Perrotia Persica ‘Vanessa’ Bloom Heatherwood Spring
I thought the perrotia blossoms I posted several days ago were the the mature bloom. I was totally surprised when I saw these little flowers. What I had seen previously were only the red tips. Like I have said many times before, I discover something new every time I walk through our garden. Now I know what a mature parrotia bloom looks like.
The clouds make this infrared image of our neighbor’s pasture. We “borrow” this scene for our lower Heatherwood garden. We are surrounded on three sides (N,E, and W) by hills and look over a valley to the south. In the design of Heatherwood, we have opened up and framed vistas of the surrounding countryside. There is always something interesting to explore with our eyes and imagination.
“Overlooking Heatherwood and the Valley Below” Heatherwood Spring
It was a sunny late afternoon. The lower yard was in bright sunlight and the valley below was covered with clouds. I had not photographed in infrared in over six months, so I decided to grab my IR camera and play with the light and shadows.
Spring is the time to work with infrared photography as all the green emerge from the deciduous trees and the spring grasses. I look forward to experimenting and improving my IR skills as the hills turn green around us.

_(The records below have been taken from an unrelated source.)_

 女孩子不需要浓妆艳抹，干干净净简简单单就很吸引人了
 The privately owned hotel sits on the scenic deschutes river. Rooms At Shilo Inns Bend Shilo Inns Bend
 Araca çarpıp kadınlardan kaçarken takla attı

I take a stroll in our Heatherwood garden almost every day. As I walk around I casually enjoy the garden surroundings. I am always looking for something new emerging. I have had my eye on this Perrotia persica for about three weekends waiting for its tiny flower buds to form and bloom. We planted this tree last summer after it had bloomed. Seeing these tiny one-half inch flowers is a real treat. They are very short lived, my daily “inspections” paid off!
In our previous garden in Pennsylvania, we had a Perrotia for over ten years. I never saw the full bloom. Thank you Heatherwood!

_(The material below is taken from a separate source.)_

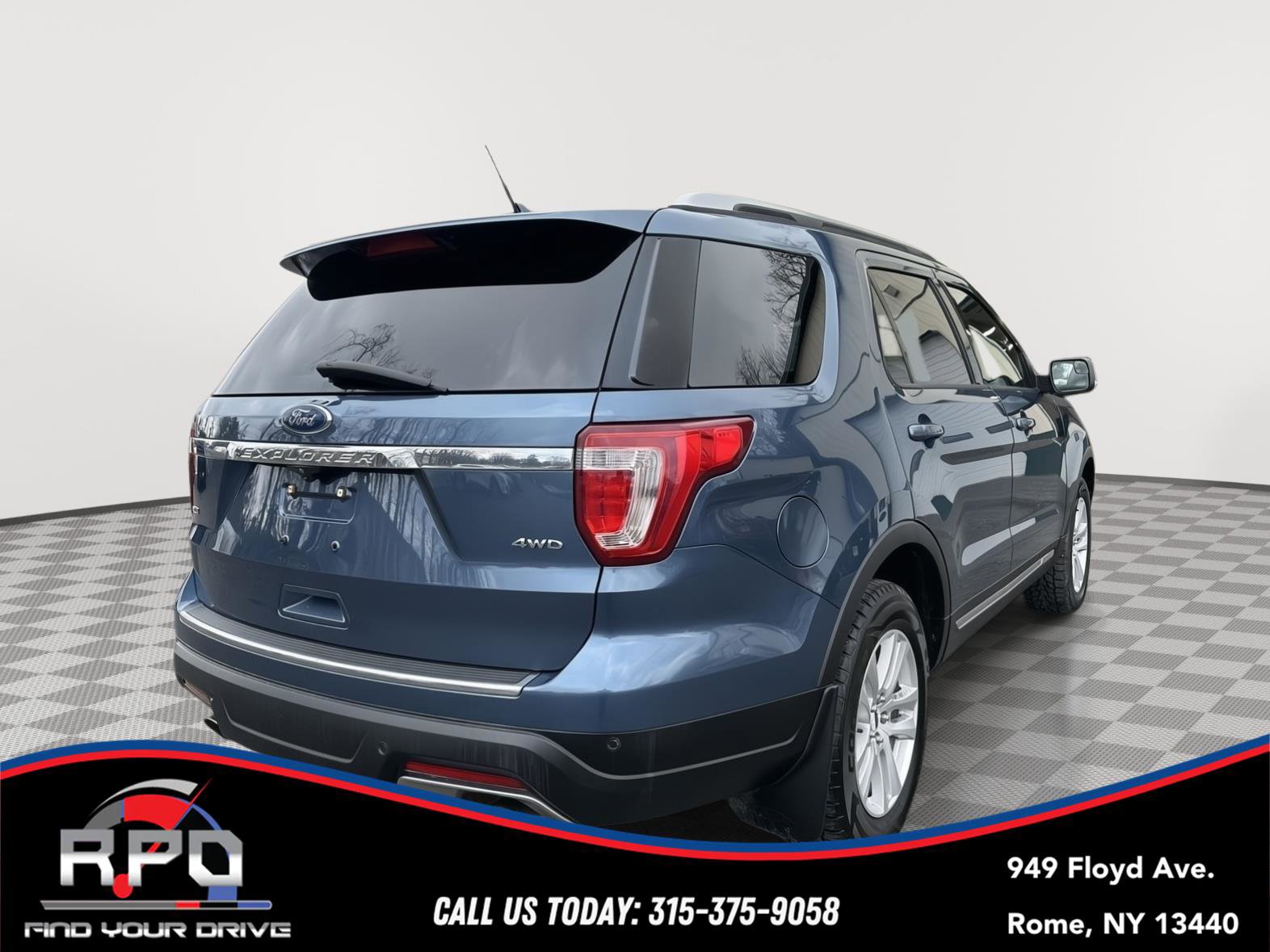 Used 2018 Ford Explorer XLT w/ Equipment Group 202A image 5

Our Star Magnolia (Magnolia stellata) is the fourth major tree/shrub to bloom in our Heatherwood garden. The stellata follows our witch hazels, the cornelian cherry dogwood, and the forsythia in our late winter/early spring blooming cycle. Its sensitive blossoms are subject to evening freezes, the wind, and rain. Some years the bloom remains crisp for only a day or two. This year we have had very mild spring temperatures and no rain. The wind has been moderate. We have been blessed with blossoms that have lasted several days now. It is shaping up to be a beautiful spring!
Early morning sunshine backlit this emerging Cornelian Cherry dogwood blossom. The bright yellow color burst immediately caught my eye as I was taking an early morning stroll with my camera. It started my day with a flash!

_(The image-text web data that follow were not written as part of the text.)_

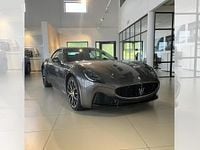 Neu Maserati GranCabrio 491 PS (361 kW) 2026 Grau (grigio maratea) Cabrio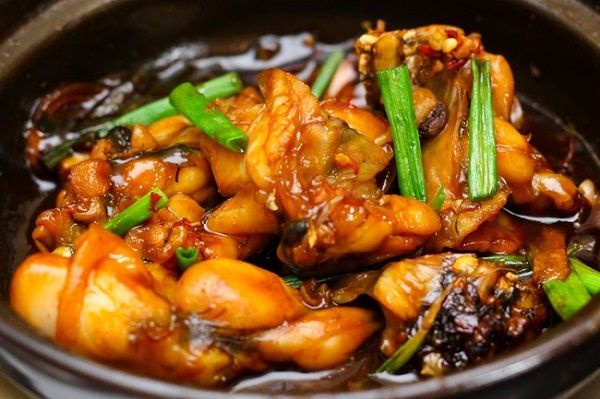 Tu lam ech xao chua ngot, mon ngon dai gia dinh hinh anh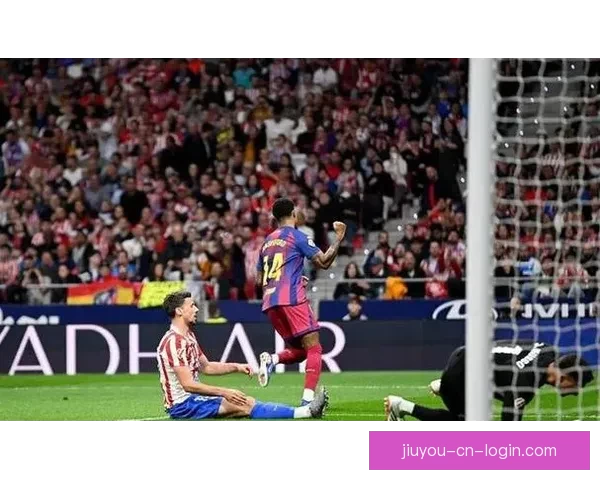 西甲巴萨2比1逆转马竞 莱万绝杀助队7分领跑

The Cornelian Cherry dogwood is the first tree to bloom in our Heatherwood garden. Soon our flowering pear, cherries, and crabapples will be blooming along with other dogwoods and redbuds. This will be the first year that several of our new trees will be in bloom. I will try to keep a record of the sequence that each species bloom.
This little Siberian iris greets the first day of spring. They are sprouting and breaking out in bloom in our Heatherwood dogwood-redbud grove and along the front of the pond. To get a good eye to eye look, I had to lay down on my belly make the image.
Looking down from the top, the little iris has an interesting triangular form.
Each spring day brings new discoveries in the garden. Some new bud is flowering, leaves are opening up, perennials are starting to emerge. What will tomorrow bring? I’ll just have to wait.
Tomorrow is the first day of spring. Signs of spring are popping up all over our Heatherwood garden. The first crocuses that bloomed were white, the second were purple, and now the third are our purple and white variety. Looking out over our garden I see little flashes of color around most of our rocks scattered around the landscape. These little “jewels” are a clear sign that spring is here!
Purple, white, and a flash of yellow Spring up all about, Warming the land and our hearts.
Our first hellebores just couldn’t wait for spring. I placed my iPhone on the ground and shot upward to the sky to get this image. There is no possible way to get my regular camera in this position. Every day, I take a stroll around the garden to see what is emerging. Something new is happening every day!
“First Crocus and Chief Joseph” Heatherwood Spring
Last autumn we planted around 3,000 bulbs. I gave my gardening partner the assignment to go plant bulbs scattered around the garden. She took me for my word and now we are seeing little surprises popping up all over. This is one of the first blooms of the season.
Our Chief Joseph Lodgepole Pine in its winter color gracefully watches over the baby crocus. It is like a guardian watching over its flock.